Брошенная сгорать несправедливость тебя не удовлетворит, пока все виновники не будут наказаны.
— О чём ты говоришь?
— Ты прекрасно знаешь, о чём я, моя дорогая. Ты сама переступила черту, которую никогда не хотела переступать. Ты совершила то, о чём будешь жалеть. И уже знаешь, какую дорогу выберешь, чтобы отмолить этот грех.
Повисла тишина. Ни пение птиц на задворках сада, ни шелест ветра, запутавшегося в кроне, не приносили прежнего умиротворения. Сердце Гермионы дрогнуло, а на пальцах она почувствовала горячую и липкую жидкость. Пальцы девушки задрожали, стоило ей увидеть разводы крови на собственных руках. Картинка вокруг задрожала, и перед глазами словно стали щёлкать выключателем, переключая её с уютного сада на тёмный подвал: снова и снова окуная её то во тьму, то в свет. Гермиона задрожала, холод стал охватывать её конечности, и стало невыносимо тяжело дышать.
— Ты не хочешь это забывать, как бы страшно это ни было. Потому что ты не бежишь от проблем, Гермиона. Ты их встречаешь, — Дамблдор рядом также начал переключаться, меняясь вместе с картинкой окружения, пока окончательно не превратился в темноволосую сумасшедшую женщину, на груди которой стало растекаться огромное багровое пятно. Жестокая улыбка очертила бледные черты её лица и кровь выступила на обкусанных губах:
— Это была кровь за кровь, моя дорогая. Я забрала его у тебя, а ты забрала жизнь у меня самой. Отмщение было совершено?
— Нет… нет, нет, нет! — Гермиона в ужасе стала отползать назад, наблюдая, как вокруг женщины разрастается тёмная лужа крови.

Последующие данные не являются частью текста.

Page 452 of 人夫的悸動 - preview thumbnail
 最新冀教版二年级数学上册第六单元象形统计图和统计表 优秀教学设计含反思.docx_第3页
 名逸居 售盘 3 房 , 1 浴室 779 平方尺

Её сердце зашлось бешенным ритмом, кислород застрял в лёгких, а потом комнату стал заполнять густой дым. Гермиона закашлялась и постаралась встать, чтобы убежать, но собственные ноги не подчинились, почти повалив её на холодный пол, покрытый водой и кровью. В ужасе забившись, Гермиона пыталась ползти вперёд, к выходу, но всё казалось напрасным. Её руки, израненные порезами, только безвольно скреблись по бетону, а выход никак не становился ближе. Девушка смотрела на дверь вдали, молясь всем известным богам, чтобы те позволили ей уйти отсюда. И резко стало казаться, что её нахождение в больнице было сном, бредом отключившегося сознания, а вот сейчас была ужасающая настоящая реальность. Кровавая, наполненная болью, страданиями и страхом.